Rutland Herald: "A boost for buttoning up" PDF Print E-mail
Wednesday, 18 November 2009 23:00

Rutland Herald editorial

Some ideas seem too good to pass up: Free cone day at Ben & Jerry's, hitting the snooze button at least once before you fire up the snow blower and paying less to heat your home spring to mind.

Congress can't help with the first two, but Rep. Peter Welch is part of a group trying to make the third a reality.

Welch is one of 45 co-signers of a letter to President Obama urging passage of a program to help retrofit some 5 million homes and/or small businesses nationwide. The House passed the Waxman-Markey energy bill, which includes a long-term outlook on efficiency, earlier this year, and companion legislation is worming its way through the Senate.

The letter urges the president to fast-track a retrofit program that would make available stimulus money for energy efficiency work.
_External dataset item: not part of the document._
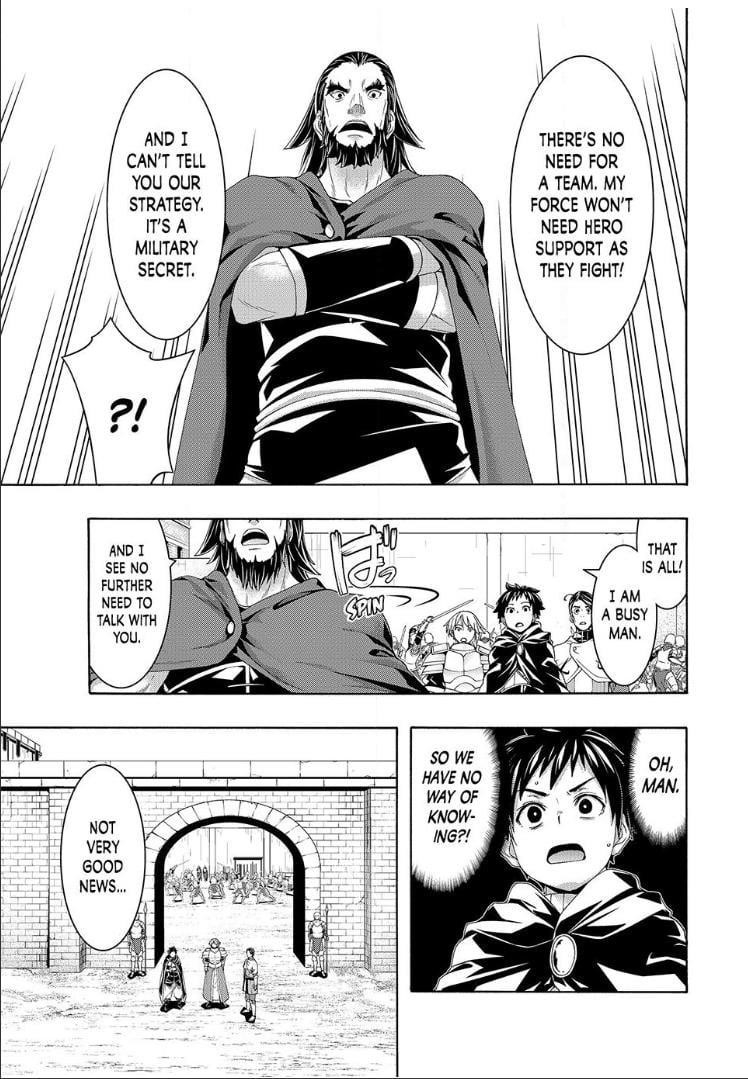 Read I'm Standing on a Million Lives EN Manga Online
The target is "to make five million homes more energy efficient – creating more than 600,000 jobs and saving homeowners $3 billion a year in energy bills."

While Efficiency Vermont has long been a leader in the field, much of the funding available is income-restricted. The stimulus money would be paid out for measurable improvements in energy efficiency instead.
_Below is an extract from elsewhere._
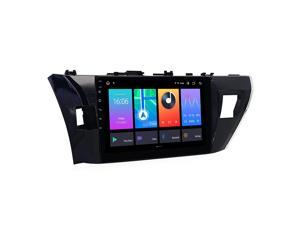 Android Car Stereo For Toyota Corolla 2016 2017 2018 Multimedia Touch Screen Carplay Android Auto Am Fm Radio Bluetooth 5.0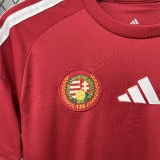 26-27 Hungary Home Fans Soccer Jersey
So it would accomplish several things:

Provide work to domestic contractors and businesses. Retrofitting a house can't be subcontracted overseas.

Reduce demand and so dependence on foreign oil. It's a maxim of the industry that the cheapest kilowatt is the one you don't have to build.

Let the middle class and small business take advantage of government aid to improve their own buildings. This isn't the AIG bailout; this is providing money for individuals. With the slump in real estate values, the equity individuals can borrow against to improve their homes has be severely curtailed, over and above the seizing up of the credit markets we endured over the last year or so.

It's immediate. As a visit to the local hardware store confirms, with winter around the corner, homeowners are busy doing weatherization now. Homeowners could be expected to tap into the funds as soon as they became available, bypassing the bureaucratic process that has slowed stimulus spending and blunted its effectiveness.

Support for any single project maxes out at $3,000 and is capped at 50 percent of the total cost, so the individual has to invest their own money as well. In general, stimulus projects that have worked have included local matches of some kind, as a check against frivolous projects simply designed to pick the government project.

According to Welch's office, every dollar invested in efficiency returns $4 in savings. This program makes real money available, invested at a time when people and the economy need it, providing enduring benefits.

Energy efficiency represents the kind of commonsense thinking that Vermonters across the spectrum applaud. The White House ought to approve the measure so homeowners can put the money to good use sooner, rather than later.